On the way to Jerusalem Jesus was going through the region between Samaria and Galilee.
In geographical terms that region between is hard to find, so hard that you have to make it up. It’s like trying to drive through the region between Tennessee and Alabama – there is no region between, but there is a line, and in the case of Samaria and Galilee, it runs between two groups of people who haven’t been friendly with each other for longer than anyone alive can remember.
Why would Luke write about a region where there is none? Some of his readers suggest with an apologetic tone that the author wasn’t from around those parts, wasn’t familiar with the land between Galilee and Jerusalem. Others notice that Luke’s odd geography serves a theological purpose. That line between the two groups is not as clearly drawn as the state line between Tennessee and Alabama, but it nevertheless defines memories and habits of interacting and imaginations. It’s a line not so much on the land as it is one in the heart.

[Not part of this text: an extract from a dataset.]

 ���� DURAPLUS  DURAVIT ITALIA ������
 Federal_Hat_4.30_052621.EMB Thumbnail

Jesus is on the way to Jerusalem, on the way to the cross, and we know that’s more than a journey across a piece of Middle Eastern geography. He’s on his way to be crucified, condemned by every earthly power, from Rome’s imperial interests to religious traditions and public opinion. He’s on his way to die a terrible death, pushed outside all the lines we use to define the boundaries of human community. Jesus is on his way to be completely excluded through betrayal, denial, ridicule, torture and silence. On his way to Jerusalem he travels through the region between, letting his feet trace the lines that divide us, with his hands stretched out to either side in the most vulnerable gesture of reconciliation, all the way to the cross. The region between is the place of Jesus’ ministry.

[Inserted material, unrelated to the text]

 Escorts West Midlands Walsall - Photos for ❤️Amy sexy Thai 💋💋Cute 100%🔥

By making up a region between Galilee and Samaria Luke also subtly reminds us that there are people in that no-man’s-land, people who belong neither here nor there, people who would disappear altogether if mercy didn’t have eyes. The region between is the invisible land where invisible people live, untouchable people, unmentionable people – or perhaps I should not say they live there, but rather that they long for life there.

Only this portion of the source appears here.